The Battle of Jericho (October 2008)
I first learned of the district of Oxford called Jericho in January 1987 when John Thaw (aka Inspector Morse) appeared on the TV screens in the first adaptation of the stories by Colin Dexter.
Twenty years later it appeared on my radar again when BW decided to sell the Castlemill Boatyard in Jericho to developers.
Despite opposition from the boating fraternity, the local residents and Oxford City Council, a proposal was made to build flats on the site .
On our return to Oxford last summer after a trip up the Thames to Lechlade with Robin and Carole in nb Inanda we spent a few days in Jericho. Our stay coincided with a public meeting to discuss the appeal which was about to be considered following the refusal of the original planning application. It is not uncommon when plans are made to develop canalside sites for public opinion to be split between the boaters and the local residents. Often the outcome is that building goes ahead and boaters' interests are ignored. At this meeting I attended in Jericho a question was asked of all present "do you really want a boatyard here with all the noise this entails?"
The unanimous response was "Yes we do"
If there were no other reason to oppose this development that response should have been enough!
The following pictures may help you understand the context.



Castlemill Boatyard as it was













...as it is now....












...and how the developers see the future.

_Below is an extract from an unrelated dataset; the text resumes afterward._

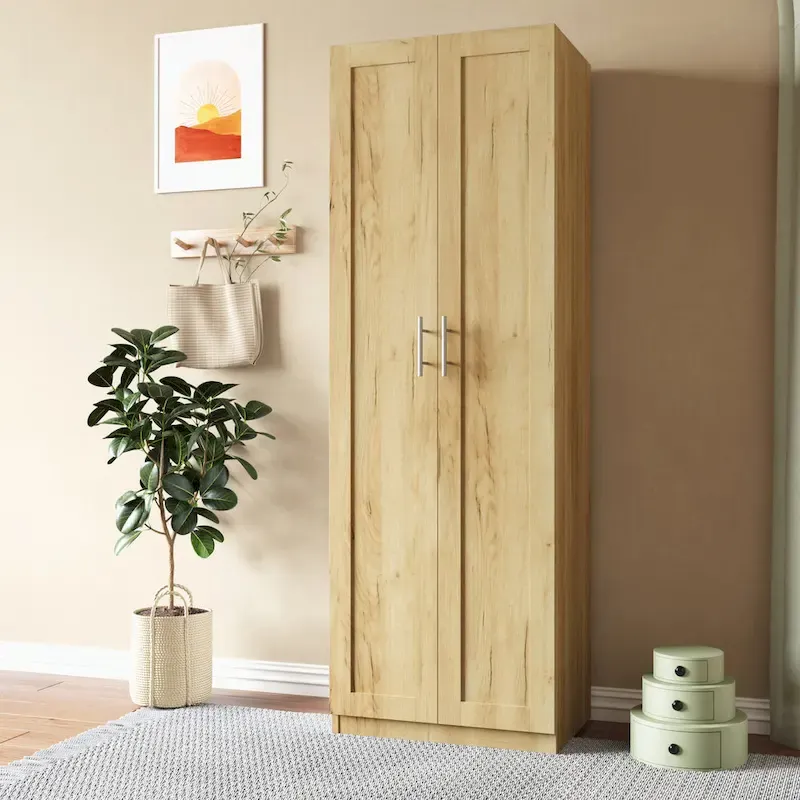 Walnut/Oak/White 2-Door Wardrobe with 3 Shelves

The observant readers will have noticed something missing from the future, apart, that is, from any boat life. (Presumable the bollards in the development were ornamental as they often are nowadays)
Where is the church?
The church of St. Barnabas was built in 1868/9 for the benefit of the workers at the newly relocated Oxford University Press and their families. The architect's brief was that he "should design a church to hold a thousand people for as small a sum as possible" with the proviso of course that he "should be able to produce a dignified interior, no reasonable expense was to be spared in first securing strength , solidity and thoroughly sound construction in every part; and not a penny was to be thrown away on external appearance and decoration"
The original plan was to use concrete but this was too expensive and local stone rubble was used. Although Portland cement had been used in the new London sewers some twenty years previously it was hardly a common building medium at this time . However, it did not happen that way.
The 130ft campanile which was completed in 1872 quickly established itself in the Oxford skyline and is mentioned in Thomas Hardy's Jude the Obscure and John Betjeman's poem Myfanwy. Betjeman went further and wrote a poem dedicated to the church.

St. Barnabas, Oxford
How long was the peril, how breathless the day,
In topaz and beryl the sun dies away,
His rays lying static at quarter to six
On polychromatic lacing of bricks.
Good Lord, as the angelus floats down the road
Byzantine St. Barnabas, be Thine abode.

Where once the fritilliaries hung in the grass
A baldachin pillar is guarding the Mass
Farewell to blue meadows we loved not enough,
And elms in whose shadows were Glanville and Clough
Not poets but clergymen hastened to meet
The redden'd remorselessness Cardigan Street

The artist's impression of the Jericho development is detailed enough to include some foliage in the foreground but somehow fails to indicate that the Oxford skyline would be changed irrevocably by obscuring the iconic tower of St. Barnabas.
Again I leave you with some pictures of St. Barnabas and hope that when you next go to Oxford you find time to wander between the artisans' cottages of Jericho and take a look at what a church built cheaply for 1000 people looks like.



















PS. The appeal was dismissed and last week the developer went into administration so the future of this site is up in the air again.